A slow-moving Hurricane Wilma ravaged Mexico's Yucatan Peninsula Friday afternoon, likely delaying its time of arrival in the United States.
Although originally expected to reach landfall somewhere in Florida early in the weekend, the storm - which was still moving at approximately 5 mph late Friday - is now anticipated to make U.S. landfall sometime on Monday.
As of Friday afternoon, traffic was starting to backup along Florida's southwest coast because of evacuating residents.
Despite the slowed arrival, a mandatory evacuation of Naples, FL, and the snowbird resort of Marco Island began Friday afternoon. Traffic backups up and down the Florida Peninsula were 10 miles long in some areas, including on the northbound section of Interstate 75 out of Naples and Ft. Myers, ABC News reported.
Evacuations in the Florida Keys were still being conducted on a voluntary basis Friday afternoon.
Anticipation for the storm also brought long lines and gas shortages in pocketed areas of Florida.
Albert Flores, manager of local fuel distributor Floval Oil, told the Miami Herald that demand from gas stations was up by about 30 percent. In Port Charles and Englewood, supplies at a number of stations fell short, leaving pumps dry and evacuating residents without fuel, the Charlotte Sun-Herald reported.
Florida Gov. Jeb Bush released a statement warning people not to horde oil, and that the state had a 200-million-gallon supply of fuel that would be adequate for the evacuation.
Officials said the storm's speed, ocean temperatures and how far it moves inland in the Yucatan would all play a role in where the 400-mile-wide hurricane makes landfall in the United States.
Wilma weakened slightly to a Category 4 Hurricane Thursday, Oct. 20, but the storm could once again strengthen to a powerful Category 5 before its predicted encounter with Florida.
Hurricane watches and warnings continued Friday afternoon throughout the Caribbean and coastal Mexico. As of late Friday afternoon, official watches were not in effect for the continental United States, but the weather service had advised residents in the Florida Keys and Florida peninsula to "closely monitor the progress" of this extremely dangerous storm.
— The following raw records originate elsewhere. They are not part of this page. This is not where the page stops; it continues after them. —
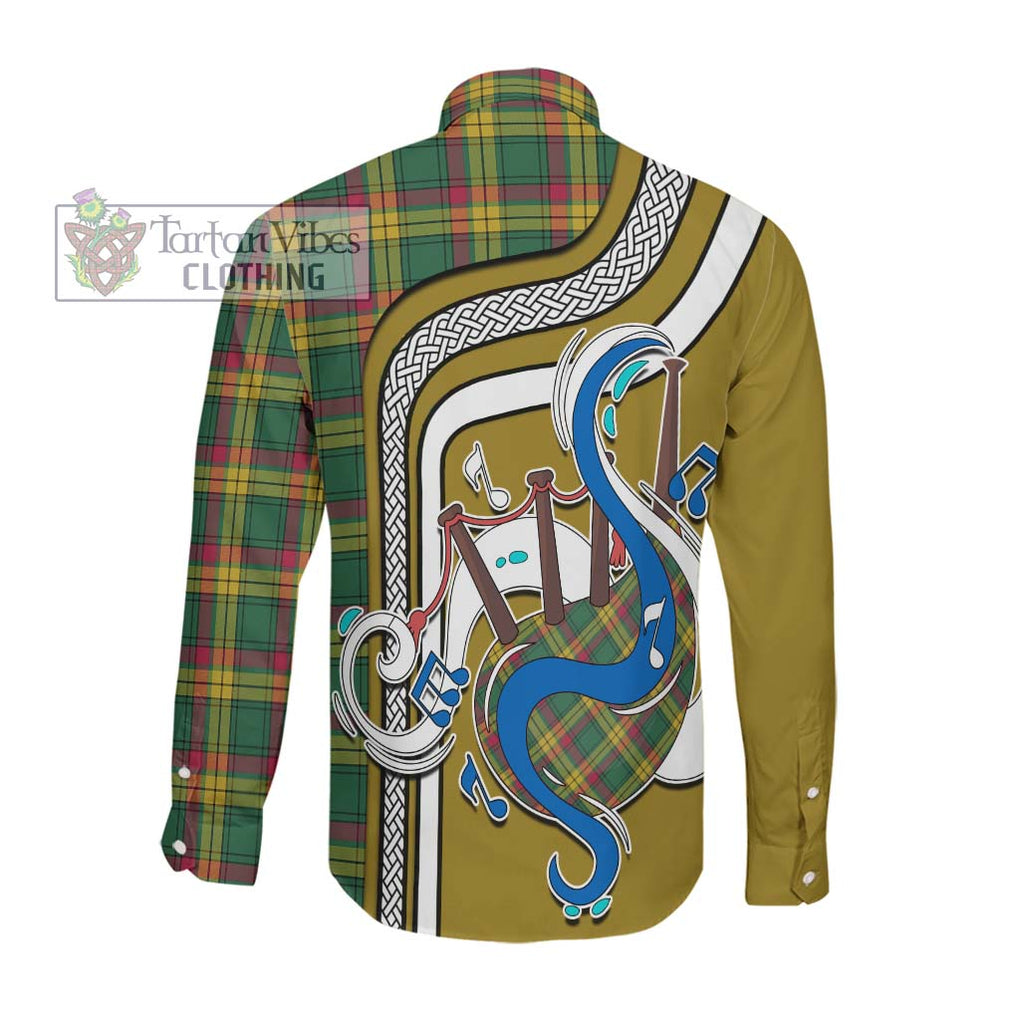 MacMillan Old Ancient Tartan Long Sleeve Button Shirt with Epic Bagpipe Style Men's Shirt - Tartanvibesclothing Shop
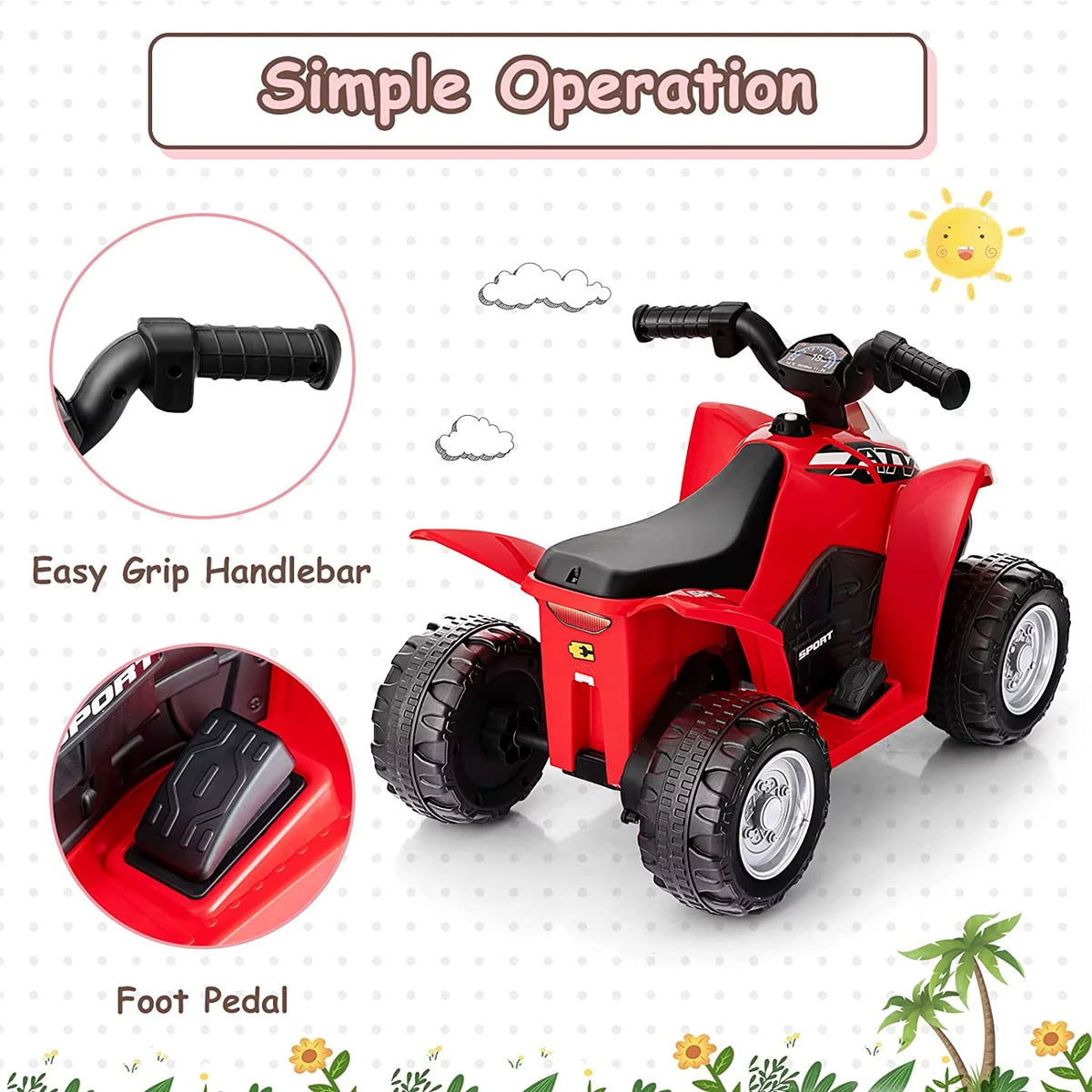 Blue 6V Battery Powered Kids Ride On ATV M81042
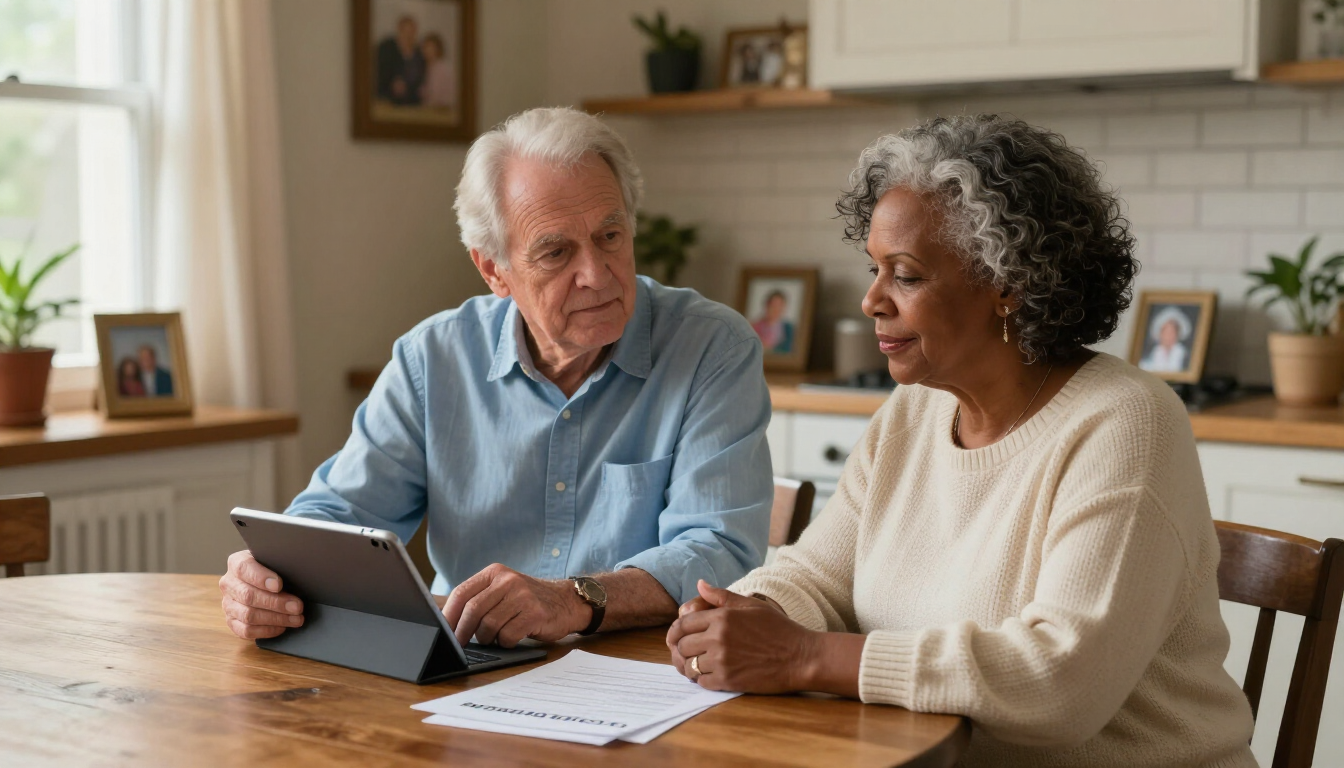 Two people reviewing papers at a kitchen table with a tablet and laptop, in a bright home interior.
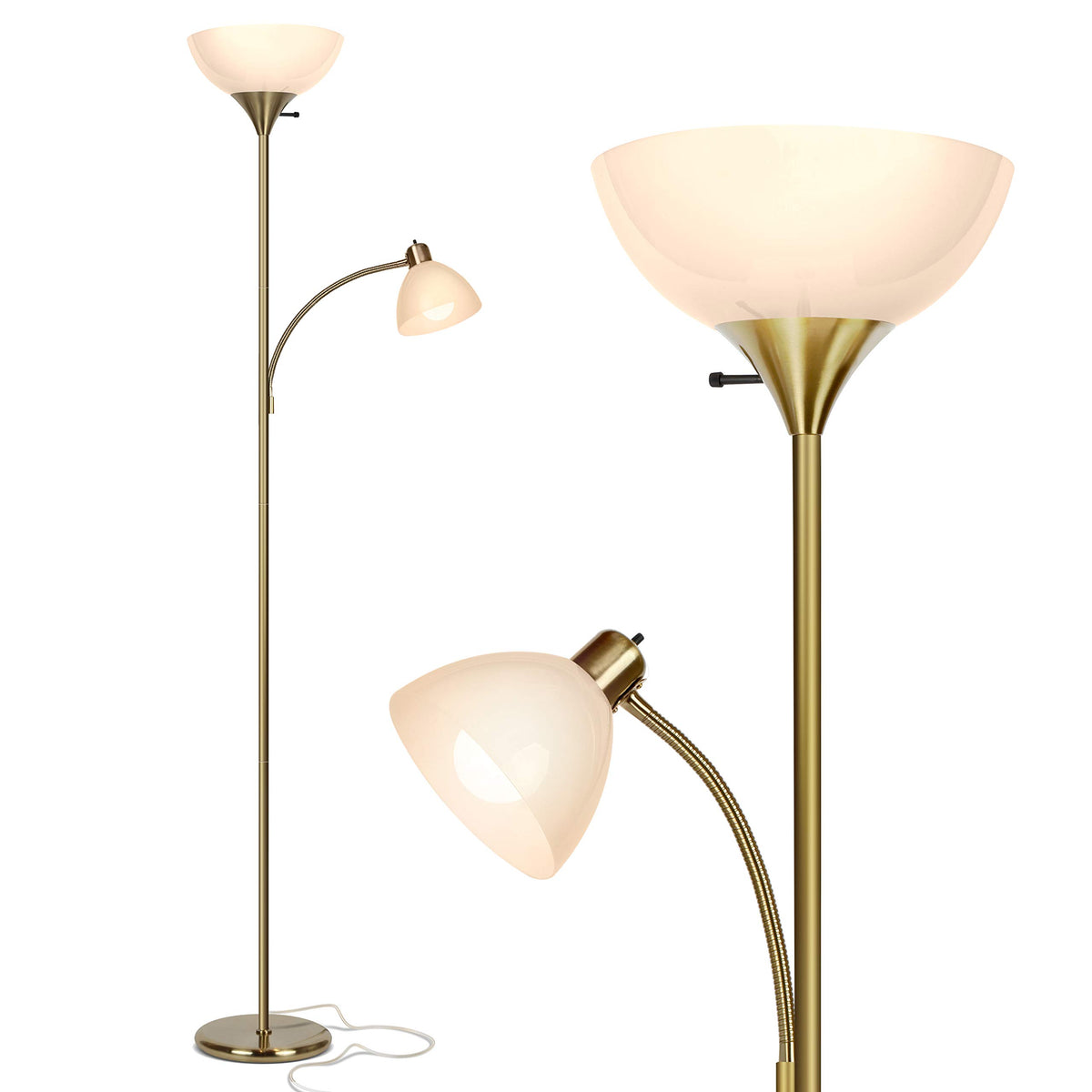 Brightech Sky Dome Plus LED Floor Lamp - Dimmable Torchiere with Readi ...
At 4 p.m. CDT, the center of Wilma was located near over the northeastern end of the island of Cozumel. Wilma is moving toward the northwest at about 5 mph, and is expected to continue in this direction during the next 24 hours. On this track, the center of Wilma is expected to move inland over the extreme northeastern Yucatan Peninsula Friday night and remain inland on Saturday.
Maximum sustained winds are near 140 mph with higher gusts. Hurricane-force winds extend outward up to 85 miles from the center, and tropical storm-force winds extend outward up to 200 miles.
On Wednesday, Wilma broke records, including the lowest millibar pressure - 882 - ever recorded, and a 105 mph increase in wind speeds in just 24 hours, the fastest wind speed increase in recorded Atlantic hurricane history.
The storm's winds propelled it into Category 5 hurricane status Wednesday, before dropping to a Category 4 Thursday. However, officials with the National Weather Service's Hurricane Center said the storm could grow, and cautioned against taking the storm lightly.
"Believe me, this is still a very, very powerful hurricane," Max Mayfield, director of the National Hurricane Center in Miami, told CNN . "Don't minimize this just because it's no longer a Category 5."
The National Weather Service is predicting landfall in Florida anywhere between Tampa and the Florida Keys. A mandatory evacuation for the Florida Keys was issued Wednesday, but was postponed indefinitely due to the storm's slowed movement. Further evacuations are expected further up the peninsula as the storm moves closer to the mainland.
Officials have cautioned area residents of the danger of staying in Wilma's path.
"We had well over a thousand lives lost in Katrina," Mayfield told CNN . "If Wilma comes into the Florida coast as a Category 3 or 4 hurricane, that potential for large loss of life is with us here with this hurricane."
Because of the storm's relative southern position, experts do not expect it to reach oil rigs in the Gulf of Mexico. However, the storm's threat has caused markets to fluctuate and analysts to keep a wary eye on its path.
"Wilma is supposed to hit Florida and not the Gulf of Mexico, but it could easily change direction when it hits land," financial analyst Bruce Evers told Forbes . "It would be absolutely disastrous if Wilma went through the oil platforms."
Hurricane Wilma is the 21st named Atlantic tropical storm to form this year, a tie for the most named tropical storms in a single season, which runs from June 1 to Nov. 30. This is the 12th tropical storm to grow into a hurricane this season, which ties the previous record set in 1969. This is the first year on record that three Category 5 hurricanes have developed.